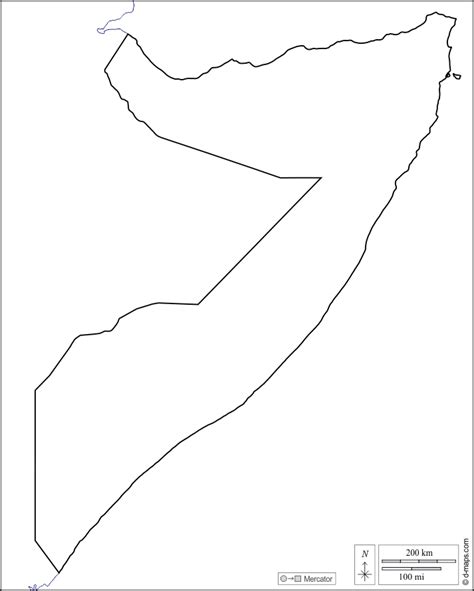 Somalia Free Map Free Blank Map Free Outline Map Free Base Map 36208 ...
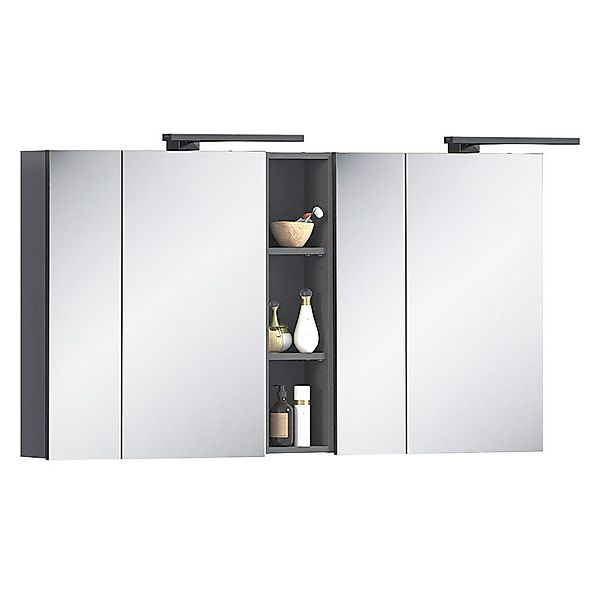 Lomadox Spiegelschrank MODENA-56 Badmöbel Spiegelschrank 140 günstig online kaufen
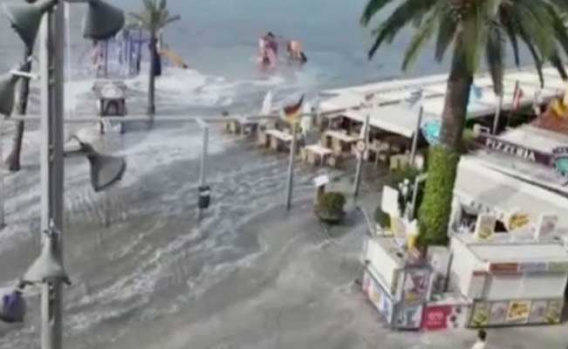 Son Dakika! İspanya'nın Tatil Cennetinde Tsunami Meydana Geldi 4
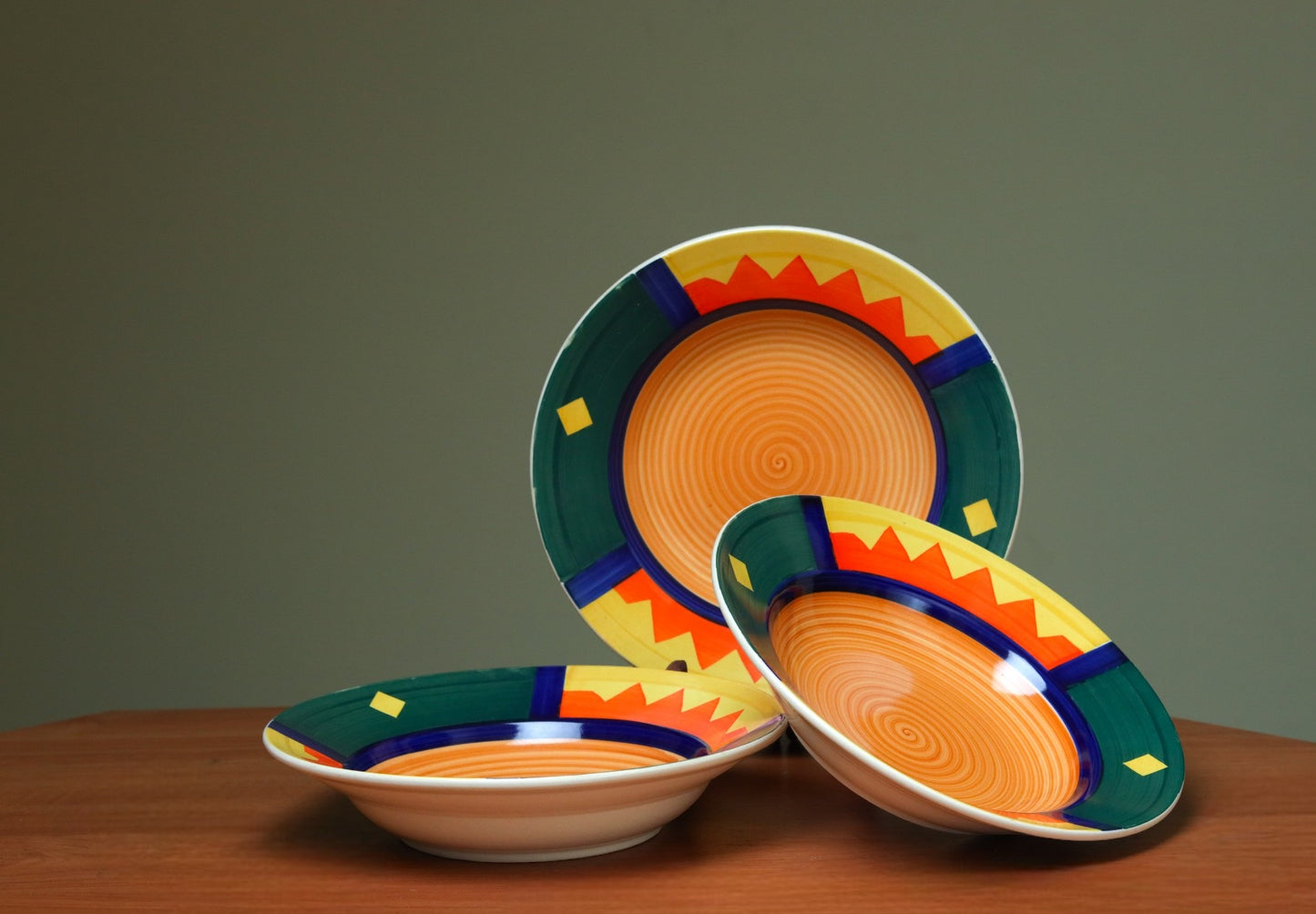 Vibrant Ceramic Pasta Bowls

| Problem details |
Word for word, return the listing above; the pictures do not belong in the copy.

| Output of the exercise |
 Somalia Free Map Free Blank Map Free Outline Map Free Base Map 36208 ...
 Lomadox Spiegelschrank MODENA-56 Badmöbel Spiegelschrank 140 günstig online kaufen
 Son Dakika! İspanya'nın Tatil Cennetinde Tsunami Meydana Geldi 4
 Vibrant Ceramic Pasta Bowls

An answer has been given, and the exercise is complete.